▶ _Information shown_
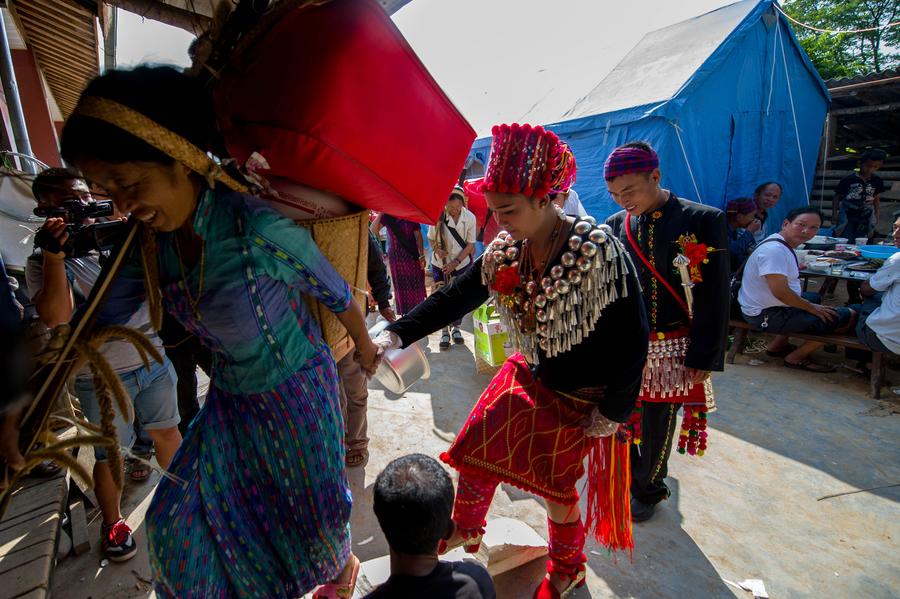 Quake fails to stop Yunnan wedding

...

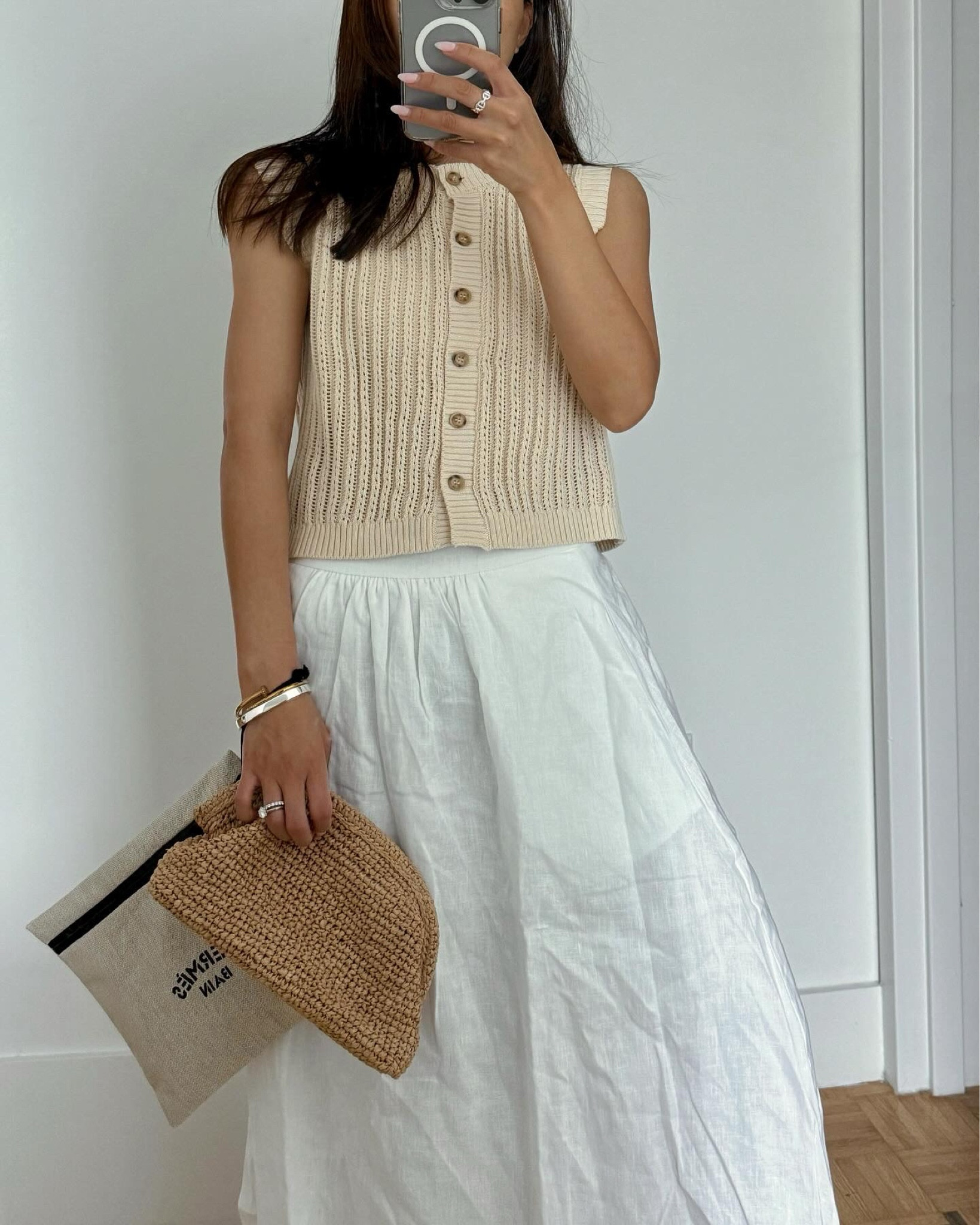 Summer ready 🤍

--

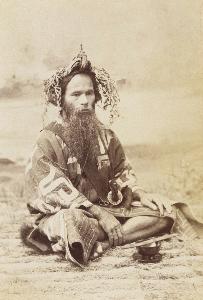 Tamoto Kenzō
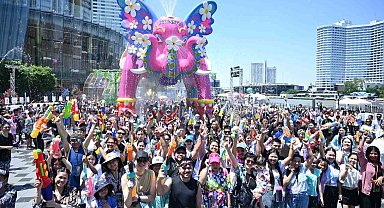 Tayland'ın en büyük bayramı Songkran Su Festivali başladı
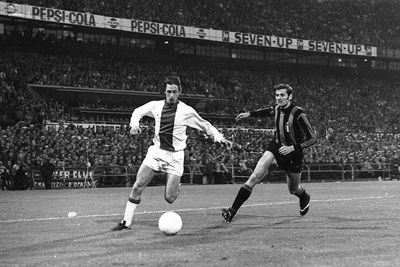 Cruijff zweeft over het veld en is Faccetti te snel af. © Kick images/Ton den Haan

▶ _Exercise description_
Restate the lines above from the one containing "Tamoto Kenzō" through the one containing "Cruijff zweeft over", inclusive, exactly and without pictures.

▶ _Result_
 Tamoto Kenzō
 Tayland'ın en büyük bayramı Songkran Su Festivali başladı
 Cruijff zweeft over het veld en is Faccetti te snel af. © Kick images/Ton den Haan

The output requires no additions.